The powerful anti-fibrosis function of AKF-PD has been identified in many diseases17,19,21,27, but its impact on MASH-associated fibrosis remains unclear. Sirius red staining revealed that AKF-PD successfully improved liver fibrosis induced by CDAHFD (Fig. 5A). RNA-sequencing data indicated that AKF-PD attenuated the expression of many fibrotic genes (Fig. 5B). Validation by RT-qPCR confirmed that AKF-PD reduced the expression of classic liver fibrotic genes, including α-Sma, Pdgfβ, Tgfβ1, Col1a1, Col1a2, Mmp2, Mmp9, Ctgf, and Timp1 (Fig. 5C). Western blot analysis further demonstrated that AKF-PD suppressed PDGFR-β and α-SMA protein levels, two fibrogenesis markers (Fig. 5D). TGFβ1/SMAD signaling is the dominant pathway involved in fibrogenesis42. Our previous study found that AKF-PD blocked TGFβ1/SMAD signaling in cholestasis-induced liver fibrosis27. It showed that AKF-PD also inhibited the phosphorylation of SMAD2 and SMAD3, key effectors of TGFβ1 signaling in MASH (Fig. 5D). These data suggest that AKF-PD attenuates liver fibrosis by targeting the TGFβ1/SMAD signaling in MASH.

Fig. 5
figure 5

AKF-PD ameliorates liver fibrosis by suppressing TGFβ1/SMAD signaling. (A) Representative Sirius red staining and quantification of liver tissues in different groups (n=3/group. Magnification, ×100. Bar = 100 μm.); (B) Heatmap of fibrosis-related genes from hepatic RNA-sequencing results. (C) RT-qPCR analysis of the hepatic mRNA levels of profibrogenic genes (n=6/group); (D) Representative western blots and corresponding quantification of PDGFR-β, α-SMA, p-SMAD2, SMAD2, p-SMAD3, and SMAD3 from mouse liver tissue lysates (n=6/group). A one-way ANOVA analysis was used for statistical analysis. *p <0.05 as compared with the chow diet group; #p <0.05 as compared with the CDAHFD group.

Discussion

MASLD, and especially MASH, causes serious disease burden worldwide, but the effective treatments are limited. This study provides the first in vivo evidence that AKF-PD significantly improves CDAHFD-induced MASH model by reducing hepatic lipid, liver inflammation, and fibrosis. Mechanically, AKF-PD decreased hepatic lipid accumulation by activating AMPK, alleviated liver inflammation by suppressing macrophage infiltration and the NLRP3 inflammasome activation, and ameliorated liver fibrosis by inhibiting TGFβ1/SMAD signaling (Fig. 6). AKF-PD may thus serve as a potential candidate drug for the treatment of MASH.

Fig. 6
figure 6

Diagram of the AKF-PD mechanism. AKF-PD attenuates hepatic lipids accumulation, inflammation, and fibrosis in a mouse model of MASH by targeting AMPK, inflammasome activation, and TGFβ1/SMAD signaling.

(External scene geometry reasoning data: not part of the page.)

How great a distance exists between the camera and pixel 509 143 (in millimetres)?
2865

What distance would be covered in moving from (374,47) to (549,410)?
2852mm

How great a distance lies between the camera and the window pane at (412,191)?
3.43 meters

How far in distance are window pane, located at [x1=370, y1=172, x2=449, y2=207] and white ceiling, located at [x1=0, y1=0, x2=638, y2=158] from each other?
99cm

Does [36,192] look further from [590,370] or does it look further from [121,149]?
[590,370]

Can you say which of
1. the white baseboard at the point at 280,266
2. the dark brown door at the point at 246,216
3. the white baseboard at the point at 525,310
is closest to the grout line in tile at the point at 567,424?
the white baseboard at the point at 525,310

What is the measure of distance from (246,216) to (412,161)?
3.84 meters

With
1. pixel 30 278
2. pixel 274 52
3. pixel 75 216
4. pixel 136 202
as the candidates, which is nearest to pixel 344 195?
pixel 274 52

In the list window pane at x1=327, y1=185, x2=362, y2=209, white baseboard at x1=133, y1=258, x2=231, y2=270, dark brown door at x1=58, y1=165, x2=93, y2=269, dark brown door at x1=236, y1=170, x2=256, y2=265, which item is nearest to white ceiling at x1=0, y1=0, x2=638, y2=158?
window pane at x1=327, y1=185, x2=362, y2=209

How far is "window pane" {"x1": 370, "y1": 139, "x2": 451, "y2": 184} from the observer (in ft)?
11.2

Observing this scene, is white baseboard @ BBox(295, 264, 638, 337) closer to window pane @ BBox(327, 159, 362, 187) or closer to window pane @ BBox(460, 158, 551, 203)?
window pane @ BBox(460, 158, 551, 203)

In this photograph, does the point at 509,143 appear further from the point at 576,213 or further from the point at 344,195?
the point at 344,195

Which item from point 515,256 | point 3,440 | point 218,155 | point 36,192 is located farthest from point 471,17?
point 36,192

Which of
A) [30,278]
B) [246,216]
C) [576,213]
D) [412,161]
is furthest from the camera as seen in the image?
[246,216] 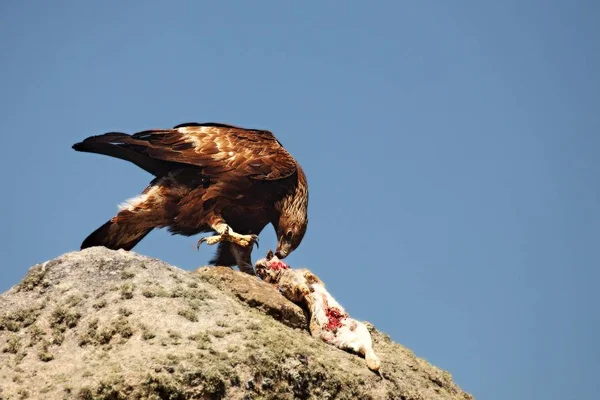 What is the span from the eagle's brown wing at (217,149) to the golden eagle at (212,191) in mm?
16

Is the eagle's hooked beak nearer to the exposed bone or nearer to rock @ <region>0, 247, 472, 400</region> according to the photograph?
the exposed bone

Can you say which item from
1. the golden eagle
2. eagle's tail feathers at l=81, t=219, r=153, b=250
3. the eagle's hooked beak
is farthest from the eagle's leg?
eagle's tail feathers at l=81, t=219, r=153, b=250

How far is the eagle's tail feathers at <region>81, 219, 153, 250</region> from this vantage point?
49.5ft

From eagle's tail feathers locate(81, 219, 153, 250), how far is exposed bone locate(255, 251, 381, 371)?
2.10 meters

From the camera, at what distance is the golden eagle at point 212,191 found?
15.2 metres

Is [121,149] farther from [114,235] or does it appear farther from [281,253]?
[281,253]

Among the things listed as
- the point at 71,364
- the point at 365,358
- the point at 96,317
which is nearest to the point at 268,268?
the point at 365,358

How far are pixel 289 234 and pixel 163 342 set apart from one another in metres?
4.73

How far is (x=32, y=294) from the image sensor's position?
1271 centimetres

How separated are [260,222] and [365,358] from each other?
12.1 ft

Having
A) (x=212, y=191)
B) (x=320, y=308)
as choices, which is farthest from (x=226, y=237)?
(x=320, y=308)

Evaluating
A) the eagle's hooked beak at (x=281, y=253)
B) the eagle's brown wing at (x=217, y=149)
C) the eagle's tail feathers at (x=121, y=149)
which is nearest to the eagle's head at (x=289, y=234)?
the eagle's hooked beak at (x=281, y=253)

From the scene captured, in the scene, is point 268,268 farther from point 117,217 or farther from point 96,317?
point 96,317

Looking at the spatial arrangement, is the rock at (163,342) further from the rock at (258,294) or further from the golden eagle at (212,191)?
the golden eagle at (212,191) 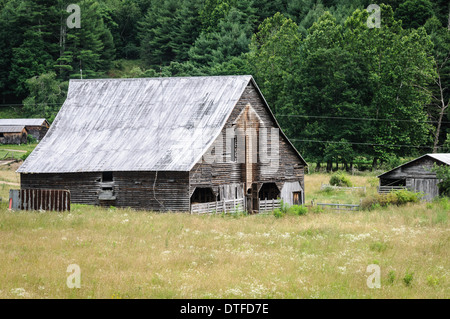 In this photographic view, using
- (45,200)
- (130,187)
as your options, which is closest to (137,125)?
(130,187)

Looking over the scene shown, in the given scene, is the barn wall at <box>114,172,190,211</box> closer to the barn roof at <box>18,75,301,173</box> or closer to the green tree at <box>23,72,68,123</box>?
the barn roof at <box>18,75,301,173</box>

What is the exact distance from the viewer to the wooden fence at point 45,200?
31172 mm

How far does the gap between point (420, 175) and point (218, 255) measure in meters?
24.9

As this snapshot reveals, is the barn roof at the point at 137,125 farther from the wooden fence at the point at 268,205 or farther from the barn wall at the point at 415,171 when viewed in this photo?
the barn wall at the point at 415,171

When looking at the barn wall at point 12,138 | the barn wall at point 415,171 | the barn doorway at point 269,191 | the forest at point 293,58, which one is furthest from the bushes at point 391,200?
the barn wall at point 12,138

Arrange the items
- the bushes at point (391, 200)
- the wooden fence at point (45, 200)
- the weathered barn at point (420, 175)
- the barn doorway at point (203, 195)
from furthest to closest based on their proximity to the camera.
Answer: the weathered barn at point (420, 175), the barn doorway at point (203, 195), the bushes at point (391, 200), the wooden fence at point (45, 200)

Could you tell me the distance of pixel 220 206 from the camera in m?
35.5

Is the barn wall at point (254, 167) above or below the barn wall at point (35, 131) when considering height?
below

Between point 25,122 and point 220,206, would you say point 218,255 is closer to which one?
point 220,206

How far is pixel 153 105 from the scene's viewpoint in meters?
39.5

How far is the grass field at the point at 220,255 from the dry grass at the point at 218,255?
4cm

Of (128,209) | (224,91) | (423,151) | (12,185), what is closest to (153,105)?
(224,91)

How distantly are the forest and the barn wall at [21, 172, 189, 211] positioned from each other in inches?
1377

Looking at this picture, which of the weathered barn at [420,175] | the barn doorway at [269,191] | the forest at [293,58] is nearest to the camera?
the barn doorway at [269,191] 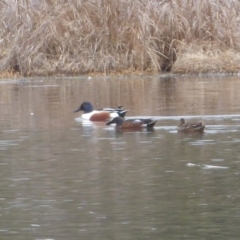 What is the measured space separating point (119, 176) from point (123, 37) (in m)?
19.9

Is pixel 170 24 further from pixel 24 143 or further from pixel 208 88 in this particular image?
pixel 24 143

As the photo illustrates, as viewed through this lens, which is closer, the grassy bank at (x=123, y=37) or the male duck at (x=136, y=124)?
the male duck at (x=136, y=124)

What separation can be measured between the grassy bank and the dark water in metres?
11.1

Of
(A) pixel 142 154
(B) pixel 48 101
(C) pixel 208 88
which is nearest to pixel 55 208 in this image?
(A) pixel 142 154

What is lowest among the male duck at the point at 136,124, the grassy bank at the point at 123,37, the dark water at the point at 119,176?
the dark water at the point at 119,176

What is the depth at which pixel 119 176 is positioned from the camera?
9820 mm

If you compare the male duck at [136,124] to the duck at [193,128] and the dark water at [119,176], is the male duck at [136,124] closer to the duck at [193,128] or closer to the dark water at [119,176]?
the dark water at [119,176]

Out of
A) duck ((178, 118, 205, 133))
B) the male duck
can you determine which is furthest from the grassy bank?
duck ((178, 118, 205, 133))

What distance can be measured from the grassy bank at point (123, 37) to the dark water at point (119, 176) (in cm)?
1105

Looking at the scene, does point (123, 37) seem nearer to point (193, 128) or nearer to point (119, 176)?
point (193, 128)

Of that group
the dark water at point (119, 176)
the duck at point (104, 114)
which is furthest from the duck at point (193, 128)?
the duck at point (104, 114)

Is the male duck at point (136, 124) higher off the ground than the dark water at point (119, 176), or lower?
higher

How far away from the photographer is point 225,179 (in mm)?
9461

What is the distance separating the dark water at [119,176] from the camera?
7648 millimetres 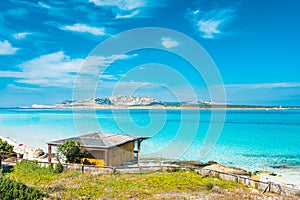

CDAHFD is a widely accepted and adopted mouse model in the studies of MASLD/MASH. It can induce obvious hepatic steatosis, liver injury, inflammation, and fibrosis after 6 weeks of feeding31. In contrast, other commonly used models, such as the high-fat diet or high-fat, fructose, and cholesterol models, while inducing obesity and insulin resistance, require prolonged feeding (over 20 weeks) to develop liver injury and are less prone to fibrogenesis. Additionally, our ongoing study has found that AKF-PD activates the PPAR signaling (data not shown), which is associated with obesity and insulin resistance in MASH, reflecting its potential effect on modulating insulin resistance. Although the CDAHFD model does not show some extrahepatic MASLD characteristics such as hyperglycemia and hyperlipidemia, the intrahepatic lesions in this model were severe. The severity of liver injury and fibrosis makes CDAHFD model more consistent with the pathological features of MASH in humans. Moreover, therefore, it is a suitable choice for studying the effects and mechanisms of drugs on the severe liver lesions of MASH.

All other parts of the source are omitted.